*** Opening of Exercise data ***

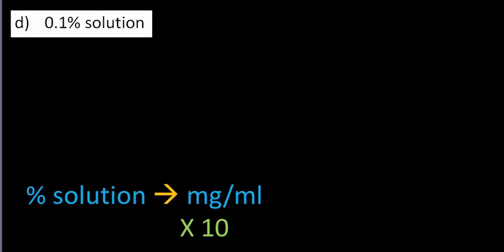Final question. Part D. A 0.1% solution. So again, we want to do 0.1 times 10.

*** Close of Exercise data ***
*** Opening of Exercise data ***

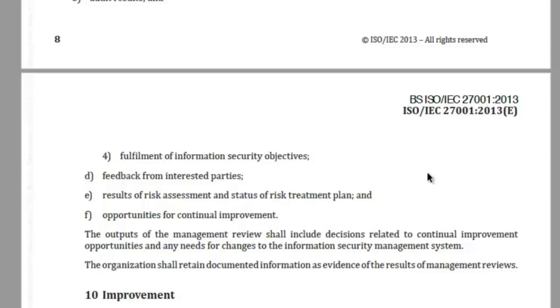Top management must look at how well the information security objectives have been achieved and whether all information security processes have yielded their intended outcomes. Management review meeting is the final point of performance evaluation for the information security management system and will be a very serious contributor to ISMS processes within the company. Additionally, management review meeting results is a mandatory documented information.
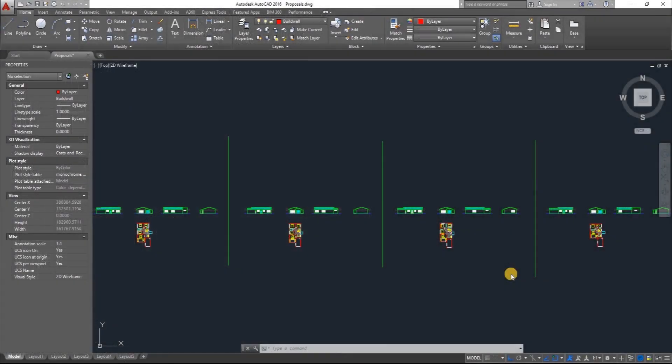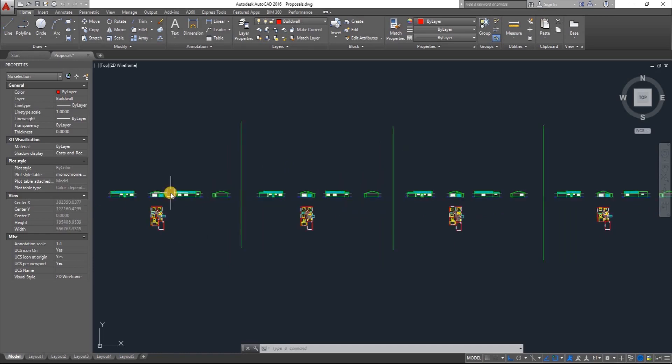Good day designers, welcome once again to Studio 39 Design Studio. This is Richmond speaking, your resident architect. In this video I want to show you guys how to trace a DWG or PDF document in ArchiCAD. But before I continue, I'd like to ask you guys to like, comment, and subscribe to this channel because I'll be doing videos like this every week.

*** Close of Exercise data ***

Problem to solve: Reproduce, word for word, everything in the listing above from the line containing "Top management must" down to the line containing "Good day designers, welcome", both of them included. No pictures.

Output:
Top management must look at how well the information security objectives have been achieved and whether all information security processes have yielded their intended outcomes. Management review meeting is the final point of performance evaluation for the information security management system and will be a very serious contributor to ISMS processes within the company. Additionally, management review meeting results is a mandatory documented information.
Good day designers, welcome once again to Studio 39 Design Studio. This is Richmond speaking, your resident architect. In this video I want to show you guys how to trace a DWG or PDF document in ArchiCAD. But before I continue, I'd like to ask you guys to like, comment, and subscribe to this channel because I'll be doing videos like this every week.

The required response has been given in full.